* _TASK OBJECTIVE_
Please restate word for word each line from the one containing "Rufnummer 041413604913 Telefonnummer" to the last line of the records below, and drop the pictures.

Collected data:

== Segment start ==

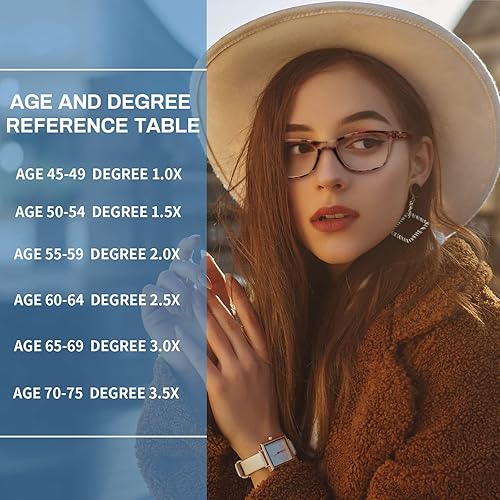 Miniatura 6 de Lentes de lectura con bloqueo de luz azul para mujer, lentes de computadora antirreflejos, antifatiga y anti rayos UV, anteojos cuadrados falsos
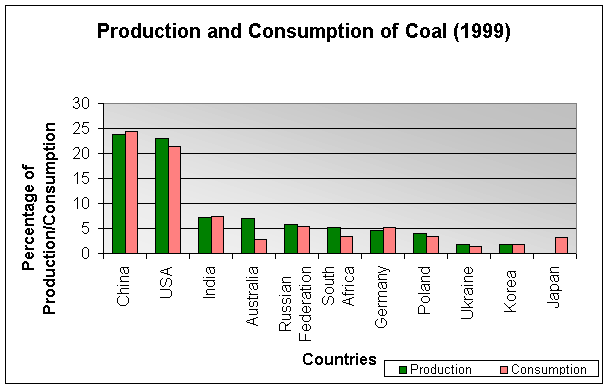 Coal Industry Map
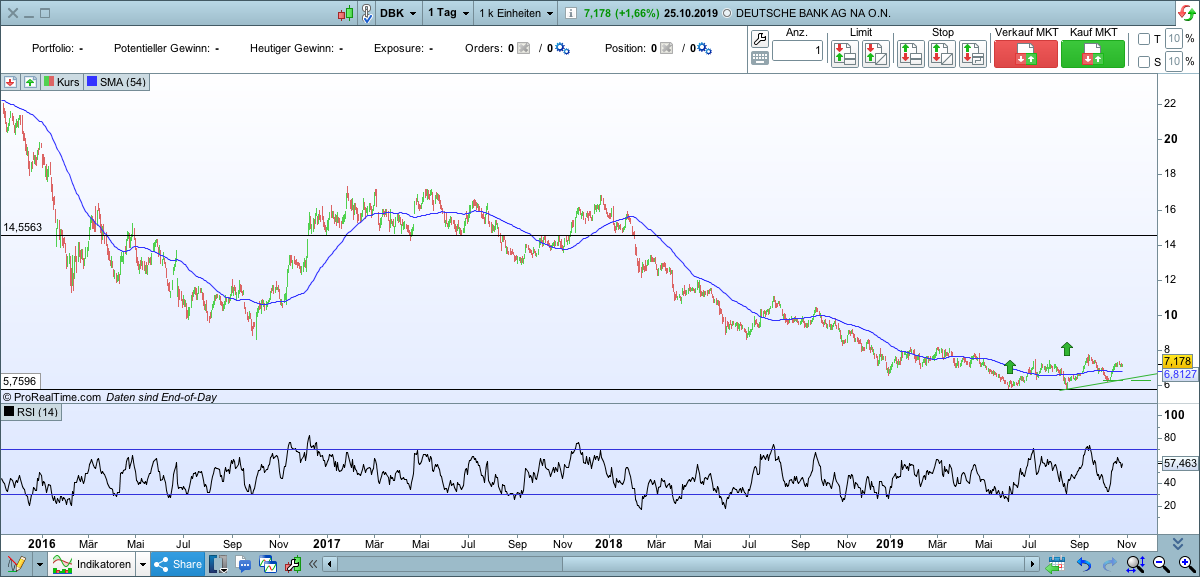 against all odds 1141065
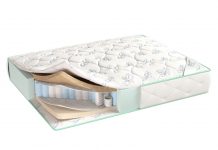 Что нужно знать при выборе матраса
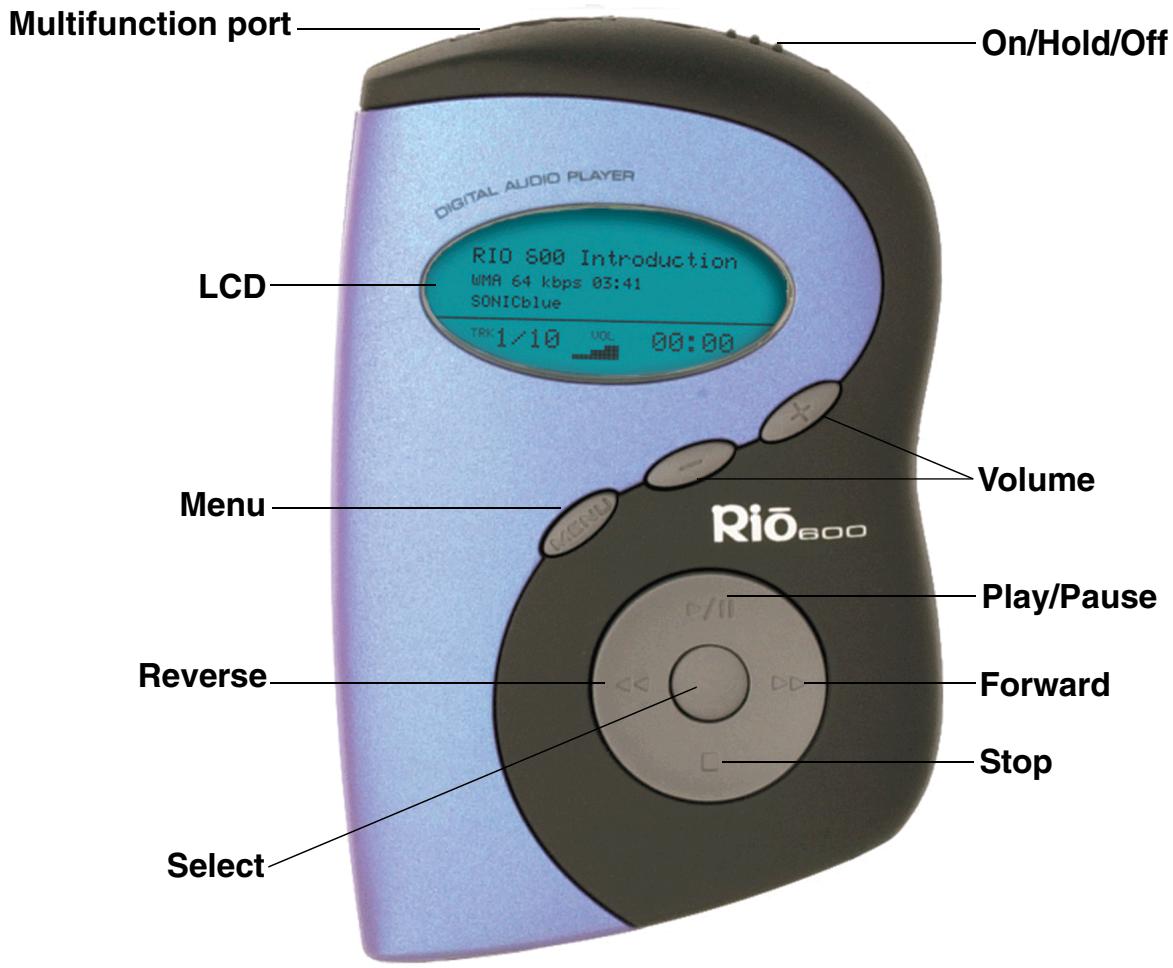 RIO 600 - Using your Rio - 1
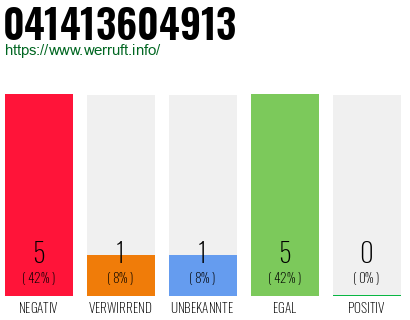 Rufnummer 041413604913 Telefonnummer 041413604913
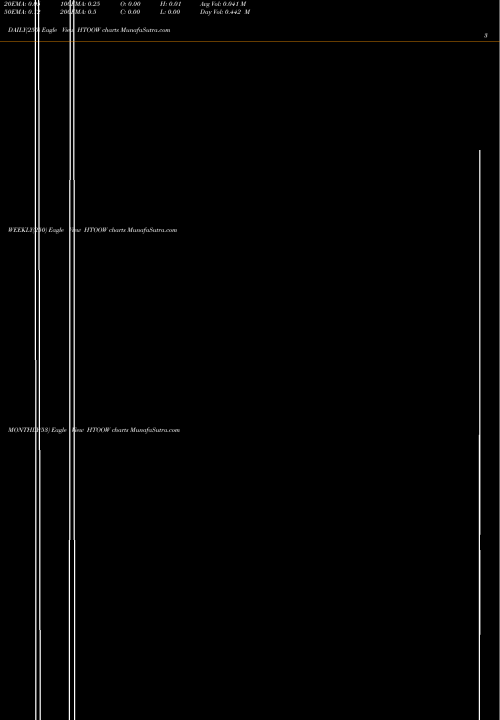 Trend of Fusion Fuel HTOOW TrendLines Fusion Fuel Green Plc WT HTOOW share NASDAQ Stock Exchange 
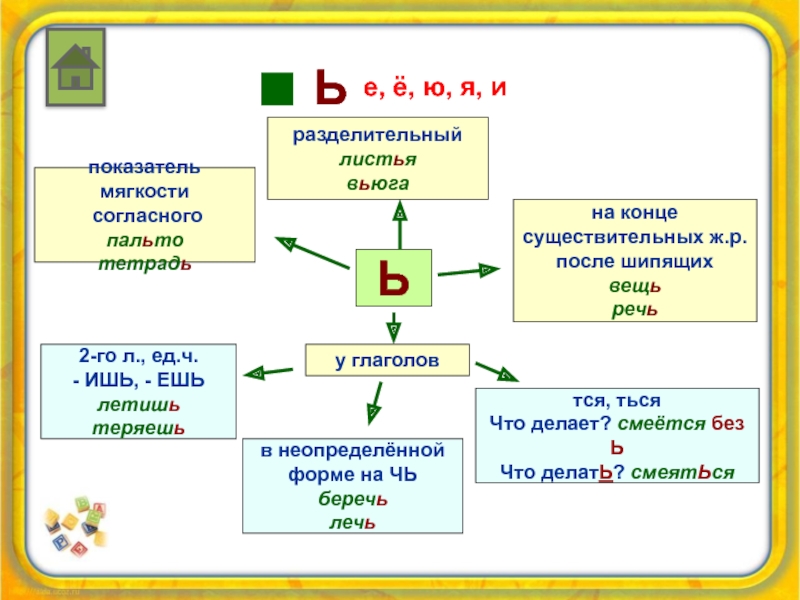 Проект с е р а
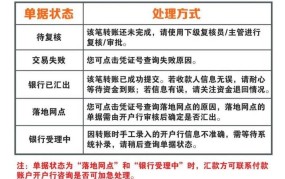 网银转账一般多久能到账？有哪些注意事项？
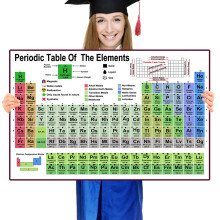 Junlego Periodic Table Of Elements Chart Chemistry Posters for High School College Equation Sheet Poster Chemistry Reference Poster Chart Cheat Sheet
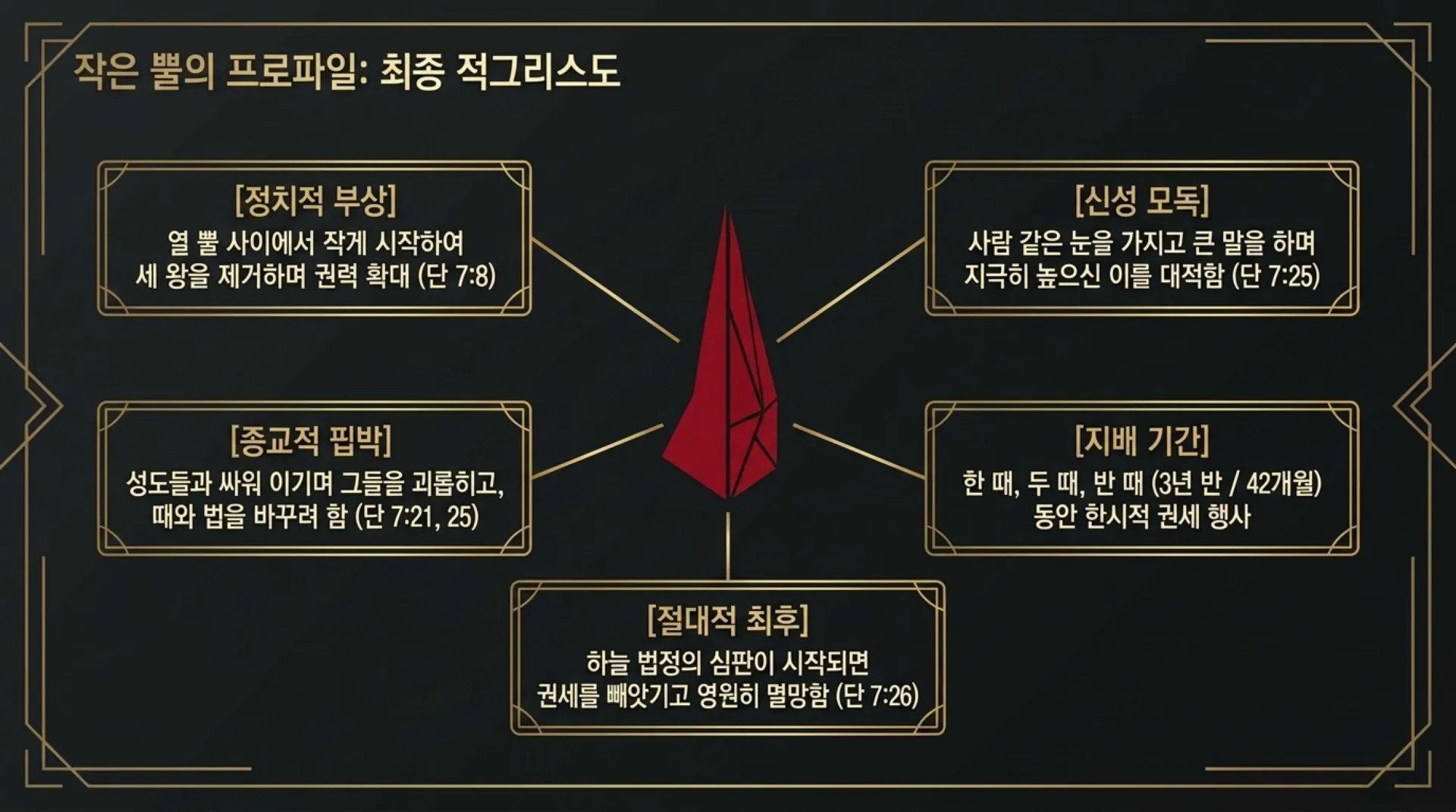 [단7장의네짐승] Daniel_7_Prophecy_Archive.pdf_9_vora.jpg.webp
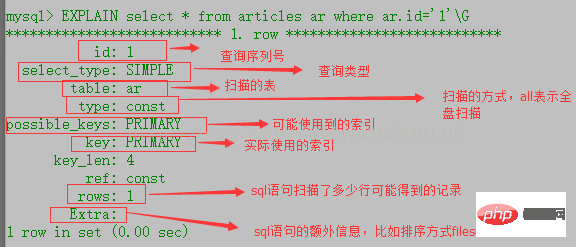 关于mysql性能优化问题的整理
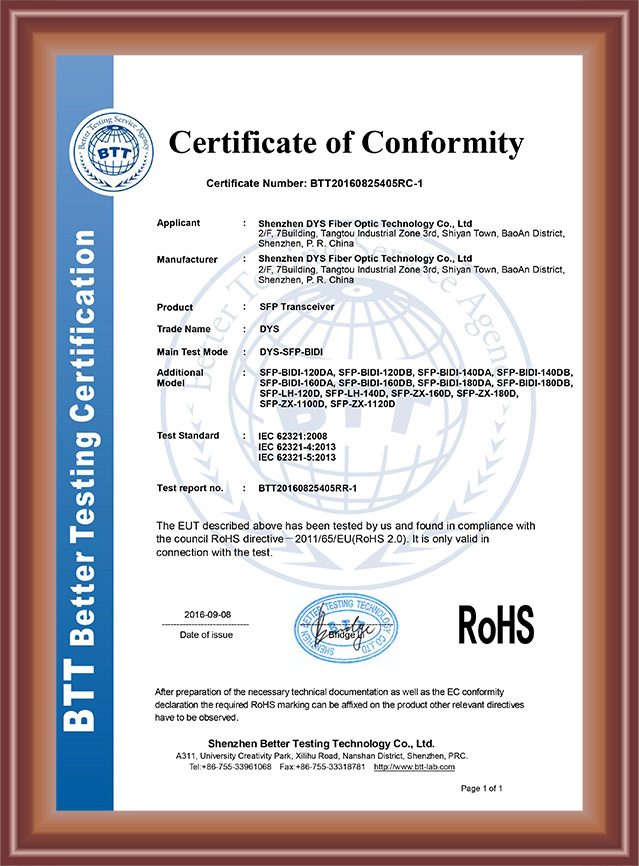 SFP Transceiver RoHS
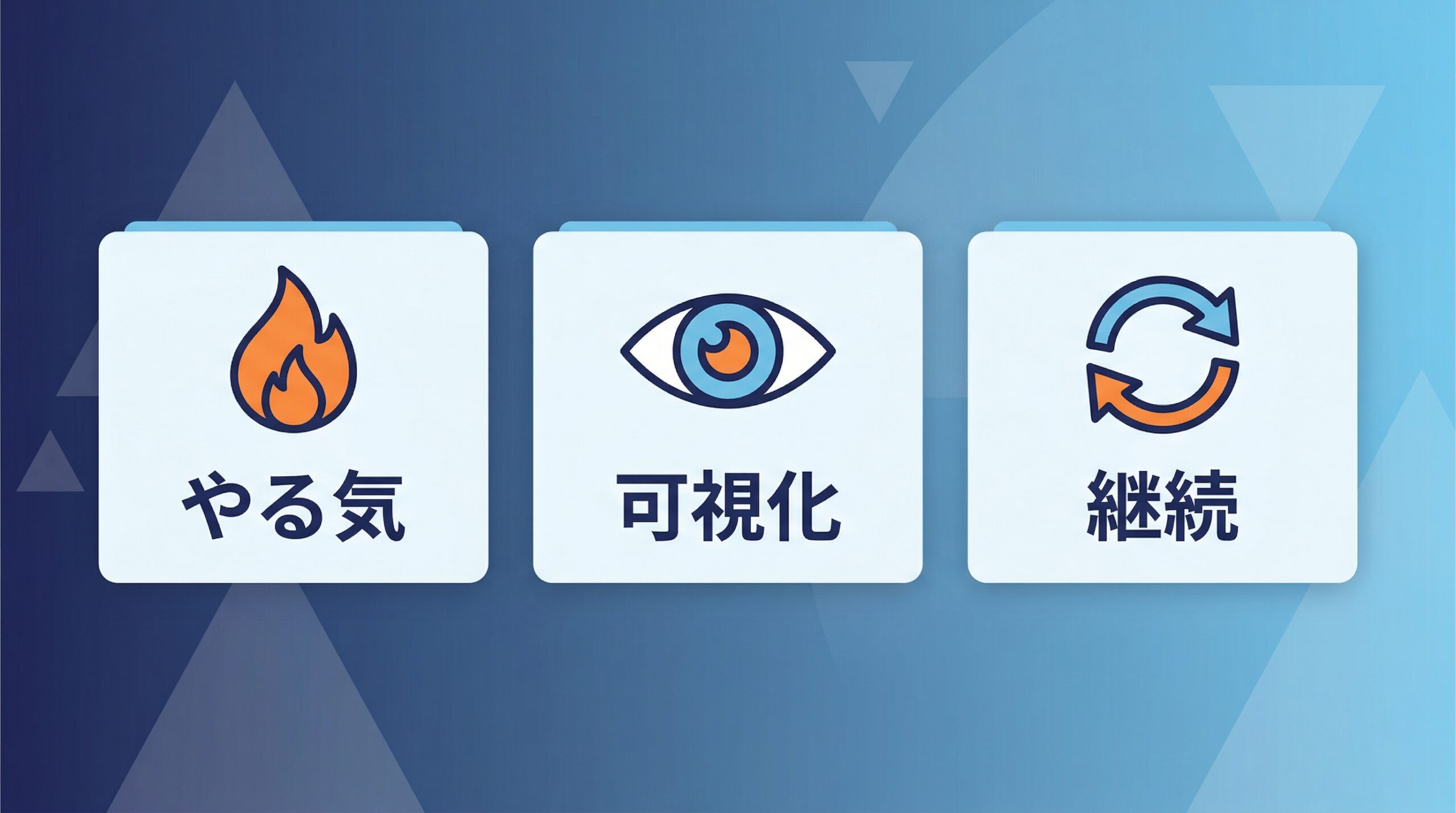 高2の中だるみを防ぐモチベーション維持術のインフォグラフィック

== Segment end ==

* _SOLUTION_
 Rufnummer 041413604913 Telefonnummer 041413604913
 Trend of Fusion Fuel HTOOW TrendLines Fusion Fuel Green Plc WT HTOOW share NASDAQ Stock Exchange 
 Проект с е р а
 网银转账一般多久能到账？有哪些注意事项？
 Junlego Periodic Table Of Elements Chart Chemistry Posters for High School College Equation Sheet Poster Chemistry Reference Poster Chart Cheat Sheet
 [단7장의네짐승] Daniel_7_Prophecy_Archive.pdf_9_vora.jpg.webp
 关于mysql性能优化问题的整理
 SFP Transceiver RoHS
 高2の中だるみを防ぐモチベーション維持術のインフォグラフィック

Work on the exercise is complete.